Der Magen des postmodernen Menschen hält eine Menge aus; je nach Altersklasse hat er sich im Eltern- oder Großelternhaushalt vom Brunftschrei des schlechten Geschmacks in den furnierten Hallkorridoren der Adenauer-Ära die Trommelfelle eindrücken lassen, röhrendes Rotwild, neckische Nöcke und Leda mit dem sterbenden Schwan in Öl auf Pressspanplatte haben seinen Ekel trainiert, die blubbernden Farborgien des Flokati-Dezenniums und die aseptische Heimeligkeit des Wohnklo-mit-OP-Trakt-auf-Krankenschein durchzustehen, bevor das Behausungsbrauchtum endgültig die komplett geräumte Dachgeschossbude zum Status quo und den Horror vacui zum No-Go erklärte: wer die Hose so dick hat, dass seine Klöten eine eigene Postleitzahl brauchen, schreddert Schrankwand und Ledersofas und deklariert die dadurch entstehende Öde zum Nonplusultra, das bei Gelsenkirchener Barock und ähnlichen Verwirrungen hilft. Ob der Beknackte nun in Stammheim, Neukölln oder auf der Veddel vegetiert, Hipness definiert sich aus dem Verhältnis von Mobiliar zu Grundfläche. Weniger ist mehr, noch weniger ist leer.

Man muss keine Geheimdienstausbildung genossen haben, um zu sehen, wie verbissen die Konsumopfer Margarine in die Luftlöcher von Graubrotscheiben kratzen, damit sie sich zum Jahresende den Stahlrohrhocker eines bulgarischen In-Designers leisten können – alles, was kein Einzelstück ist, würde die sorgfältig arrangierte Asymmetrie des Raums zerstören – neben dem eine billige Tàpies-Reproduktion im Heimwerkermarkt-Hinterglasrahmen die Peinlichkeit zu vertuschen sucht, die ein affektiert vor sich hin welkendes Anthurium ins Zimmer zaubert. So wohnlich ist es, dass keiner weiß, wo man die Champagnerflöte parken könnte – aber bestimmt saugen sich die Schöngeisterbahnfiguren die Snob-Brause aus der Pulle rein oder bieten gleich eine Nase Neuschnee an, falls sich Besuch in die Gegend verlaufen sollte.
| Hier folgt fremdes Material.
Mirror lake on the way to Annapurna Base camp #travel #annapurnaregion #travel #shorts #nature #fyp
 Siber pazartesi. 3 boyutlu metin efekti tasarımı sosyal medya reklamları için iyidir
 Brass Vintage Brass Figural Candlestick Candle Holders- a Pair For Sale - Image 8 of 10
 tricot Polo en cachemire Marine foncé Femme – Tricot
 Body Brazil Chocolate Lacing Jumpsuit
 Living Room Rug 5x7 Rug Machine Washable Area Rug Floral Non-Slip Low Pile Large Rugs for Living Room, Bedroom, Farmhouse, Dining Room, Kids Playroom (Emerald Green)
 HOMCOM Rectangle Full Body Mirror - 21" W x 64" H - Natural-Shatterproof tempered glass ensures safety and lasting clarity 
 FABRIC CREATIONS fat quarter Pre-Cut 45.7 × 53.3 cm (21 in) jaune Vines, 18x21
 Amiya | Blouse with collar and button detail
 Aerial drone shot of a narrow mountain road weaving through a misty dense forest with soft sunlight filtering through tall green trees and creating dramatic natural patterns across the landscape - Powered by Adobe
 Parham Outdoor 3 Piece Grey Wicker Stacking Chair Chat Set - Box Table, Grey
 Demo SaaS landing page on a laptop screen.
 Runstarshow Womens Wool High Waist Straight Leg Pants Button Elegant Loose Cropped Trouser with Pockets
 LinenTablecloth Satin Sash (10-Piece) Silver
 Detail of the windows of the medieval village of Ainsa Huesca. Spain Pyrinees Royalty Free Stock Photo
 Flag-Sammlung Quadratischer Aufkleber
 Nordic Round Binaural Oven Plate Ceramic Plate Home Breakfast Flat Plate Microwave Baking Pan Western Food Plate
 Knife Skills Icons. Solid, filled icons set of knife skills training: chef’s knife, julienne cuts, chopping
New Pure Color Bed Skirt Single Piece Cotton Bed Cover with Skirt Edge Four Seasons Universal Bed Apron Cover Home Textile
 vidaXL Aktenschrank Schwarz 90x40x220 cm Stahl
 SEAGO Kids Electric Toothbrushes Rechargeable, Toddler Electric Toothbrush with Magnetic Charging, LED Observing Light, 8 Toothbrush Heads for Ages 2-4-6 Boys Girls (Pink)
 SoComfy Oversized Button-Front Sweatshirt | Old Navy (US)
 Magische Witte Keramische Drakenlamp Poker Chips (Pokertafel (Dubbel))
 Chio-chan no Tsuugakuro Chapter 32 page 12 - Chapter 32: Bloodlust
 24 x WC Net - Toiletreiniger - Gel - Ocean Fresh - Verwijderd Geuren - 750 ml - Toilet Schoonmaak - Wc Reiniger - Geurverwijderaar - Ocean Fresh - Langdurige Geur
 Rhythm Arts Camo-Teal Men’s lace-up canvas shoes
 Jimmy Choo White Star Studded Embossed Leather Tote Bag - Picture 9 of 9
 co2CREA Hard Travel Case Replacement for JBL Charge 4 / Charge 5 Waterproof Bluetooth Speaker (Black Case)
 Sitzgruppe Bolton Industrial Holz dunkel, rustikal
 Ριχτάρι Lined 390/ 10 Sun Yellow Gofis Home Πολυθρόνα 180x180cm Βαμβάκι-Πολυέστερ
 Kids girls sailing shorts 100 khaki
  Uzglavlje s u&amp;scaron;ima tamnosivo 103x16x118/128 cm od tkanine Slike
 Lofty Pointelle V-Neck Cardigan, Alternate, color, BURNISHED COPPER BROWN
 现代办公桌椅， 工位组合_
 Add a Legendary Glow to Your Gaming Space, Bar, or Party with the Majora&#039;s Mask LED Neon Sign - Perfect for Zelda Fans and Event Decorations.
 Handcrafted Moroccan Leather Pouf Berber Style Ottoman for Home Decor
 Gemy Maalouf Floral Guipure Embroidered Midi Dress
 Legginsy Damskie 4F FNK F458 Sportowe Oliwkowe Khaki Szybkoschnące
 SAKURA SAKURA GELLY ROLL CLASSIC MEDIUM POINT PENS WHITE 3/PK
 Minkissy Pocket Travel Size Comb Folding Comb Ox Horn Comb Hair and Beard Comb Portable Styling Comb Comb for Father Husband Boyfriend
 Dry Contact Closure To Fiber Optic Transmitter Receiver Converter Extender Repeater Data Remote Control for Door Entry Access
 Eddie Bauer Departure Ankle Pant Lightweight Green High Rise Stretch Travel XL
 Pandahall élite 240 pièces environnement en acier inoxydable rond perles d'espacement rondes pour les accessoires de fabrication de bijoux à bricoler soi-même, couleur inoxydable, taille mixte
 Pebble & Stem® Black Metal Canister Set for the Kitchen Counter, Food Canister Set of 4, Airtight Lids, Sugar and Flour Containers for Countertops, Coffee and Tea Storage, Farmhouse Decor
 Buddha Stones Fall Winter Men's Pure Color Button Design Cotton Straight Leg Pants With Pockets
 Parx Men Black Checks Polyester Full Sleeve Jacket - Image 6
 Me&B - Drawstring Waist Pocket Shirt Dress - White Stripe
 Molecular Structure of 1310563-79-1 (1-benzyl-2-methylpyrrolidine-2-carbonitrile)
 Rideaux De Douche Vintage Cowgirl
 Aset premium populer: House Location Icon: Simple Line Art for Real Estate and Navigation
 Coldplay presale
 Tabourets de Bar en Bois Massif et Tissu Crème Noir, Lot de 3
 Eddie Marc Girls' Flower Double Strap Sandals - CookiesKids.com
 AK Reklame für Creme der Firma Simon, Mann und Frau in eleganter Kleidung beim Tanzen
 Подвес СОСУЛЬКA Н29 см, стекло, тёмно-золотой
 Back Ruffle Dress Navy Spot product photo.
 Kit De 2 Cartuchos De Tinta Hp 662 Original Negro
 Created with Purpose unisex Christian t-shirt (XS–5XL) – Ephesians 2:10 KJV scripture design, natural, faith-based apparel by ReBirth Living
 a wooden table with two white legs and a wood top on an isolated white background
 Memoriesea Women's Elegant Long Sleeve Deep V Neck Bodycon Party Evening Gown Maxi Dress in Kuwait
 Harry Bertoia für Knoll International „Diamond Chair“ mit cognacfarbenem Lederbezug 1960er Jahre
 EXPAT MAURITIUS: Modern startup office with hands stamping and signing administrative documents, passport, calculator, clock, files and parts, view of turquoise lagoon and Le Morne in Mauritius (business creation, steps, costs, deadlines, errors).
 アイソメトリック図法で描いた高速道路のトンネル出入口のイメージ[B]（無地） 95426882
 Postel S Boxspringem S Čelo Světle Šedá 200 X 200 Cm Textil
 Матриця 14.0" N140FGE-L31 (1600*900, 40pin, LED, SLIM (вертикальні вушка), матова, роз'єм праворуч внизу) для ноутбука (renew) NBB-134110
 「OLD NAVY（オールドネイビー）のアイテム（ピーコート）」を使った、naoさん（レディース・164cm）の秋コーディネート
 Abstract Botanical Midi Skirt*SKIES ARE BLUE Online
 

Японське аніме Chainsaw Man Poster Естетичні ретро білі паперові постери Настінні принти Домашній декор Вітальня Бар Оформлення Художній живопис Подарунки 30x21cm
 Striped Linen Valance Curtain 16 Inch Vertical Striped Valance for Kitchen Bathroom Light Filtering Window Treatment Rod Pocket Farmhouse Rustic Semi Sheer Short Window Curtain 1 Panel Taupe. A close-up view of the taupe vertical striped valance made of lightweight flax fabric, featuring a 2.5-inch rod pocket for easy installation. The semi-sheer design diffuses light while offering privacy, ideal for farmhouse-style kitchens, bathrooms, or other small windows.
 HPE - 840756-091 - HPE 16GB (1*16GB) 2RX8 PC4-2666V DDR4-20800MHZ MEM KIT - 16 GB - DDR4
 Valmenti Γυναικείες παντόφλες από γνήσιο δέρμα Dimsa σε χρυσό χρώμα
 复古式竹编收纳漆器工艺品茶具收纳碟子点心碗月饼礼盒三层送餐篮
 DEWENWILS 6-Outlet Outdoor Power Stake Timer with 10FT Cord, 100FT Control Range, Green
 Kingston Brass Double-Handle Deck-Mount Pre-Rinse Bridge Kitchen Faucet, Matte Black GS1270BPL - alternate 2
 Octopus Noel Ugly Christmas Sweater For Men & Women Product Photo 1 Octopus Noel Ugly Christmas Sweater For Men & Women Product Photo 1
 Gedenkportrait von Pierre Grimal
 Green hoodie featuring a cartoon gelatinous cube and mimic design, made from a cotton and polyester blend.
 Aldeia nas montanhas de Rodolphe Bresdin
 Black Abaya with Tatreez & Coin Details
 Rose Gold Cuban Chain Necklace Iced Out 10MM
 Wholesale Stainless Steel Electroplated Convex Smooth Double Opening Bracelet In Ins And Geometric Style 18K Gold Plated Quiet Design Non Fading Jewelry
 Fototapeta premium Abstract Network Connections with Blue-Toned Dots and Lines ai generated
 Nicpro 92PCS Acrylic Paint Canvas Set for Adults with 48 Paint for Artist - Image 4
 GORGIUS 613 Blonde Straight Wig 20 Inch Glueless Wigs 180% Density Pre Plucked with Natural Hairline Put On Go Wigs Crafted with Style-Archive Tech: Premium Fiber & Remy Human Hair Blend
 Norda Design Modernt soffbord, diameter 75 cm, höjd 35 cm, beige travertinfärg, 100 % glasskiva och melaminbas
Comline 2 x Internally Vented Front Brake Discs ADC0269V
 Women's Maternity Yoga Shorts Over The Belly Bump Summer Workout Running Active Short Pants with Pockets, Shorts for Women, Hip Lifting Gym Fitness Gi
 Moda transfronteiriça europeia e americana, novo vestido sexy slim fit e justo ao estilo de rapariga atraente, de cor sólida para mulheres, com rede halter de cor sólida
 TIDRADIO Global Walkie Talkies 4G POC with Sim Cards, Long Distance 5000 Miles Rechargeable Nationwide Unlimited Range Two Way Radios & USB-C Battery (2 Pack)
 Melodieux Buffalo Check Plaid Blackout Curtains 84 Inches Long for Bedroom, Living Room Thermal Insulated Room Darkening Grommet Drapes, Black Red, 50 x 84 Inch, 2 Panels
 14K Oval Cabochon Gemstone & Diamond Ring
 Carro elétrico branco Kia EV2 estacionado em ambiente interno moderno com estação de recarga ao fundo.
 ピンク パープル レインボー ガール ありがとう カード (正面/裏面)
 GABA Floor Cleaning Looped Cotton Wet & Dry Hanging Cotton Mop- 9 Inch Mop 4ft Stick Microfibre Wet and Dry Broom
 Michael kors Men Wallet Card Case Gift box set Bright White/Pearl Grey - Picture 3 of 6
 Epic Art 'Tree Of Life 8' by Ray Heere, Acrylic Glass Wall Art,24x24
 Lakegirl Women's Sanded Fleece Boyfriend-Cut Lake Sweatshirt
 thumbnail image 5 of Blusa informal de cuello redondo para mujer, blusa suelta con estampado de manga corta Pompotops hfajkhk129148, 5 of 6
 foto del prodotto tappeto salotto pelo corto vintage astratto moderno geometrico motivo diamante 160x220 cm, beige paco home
Das verschwiemelte Wirrwarr auf abgehobelten Dielen demonstriert vordergründig, dass der Bonze von Besitzer eigentlich viel zu wichtig ist, um einer Bleibe überhaupt Beachtung zu schenken; möglich, dass er den kranken Gedanken nährt, wer so wenig Tisch und Stuhl besäße, könnte sich dafür auch mehrere Wohnungen leisten. Doch das Gegenteil ist der Fall. Der Bekloppte im Wahn lustloser Tristesse inszeniert ein Eindruck-to-go um sich herum, damit auch ja keine Sau merkt, wie in der aufgebrezelten Kulisse ein sozialamputierter Jammerlappen vor sich hin leidet, weil ihn das Vorrücken der Scham an die tragenden Wände drückt, die er mit Regalen und Beistelltischchen zu verstellen vergessen hat. Da hockt er, winselt mit dem Stylisten um die Wette und hat nicht einmal eine Schublade, um den Neun-Millimeter-Schläfenlocher fürs Finale aufzuheben. Die Beziehung zur Außenwelt lässt selbst den Zahnbelag früher oder später absterben, und wer noch eine eigene Hütte hat, tritt rechtzeitig den Rückzug aus der Parkettsteppe an, bevor Trübsal in die eigenen Synapsen bläst. Lasst die Bescheuerten auf Kacheln kuscheln, wenn die Nacht hereinbricht. Das Mitgefühl setzt ein, sobald die gute, alte Reihenhausnormalität dafür wieder Platz lässt. Denn Drinnen ist das neue Draußen.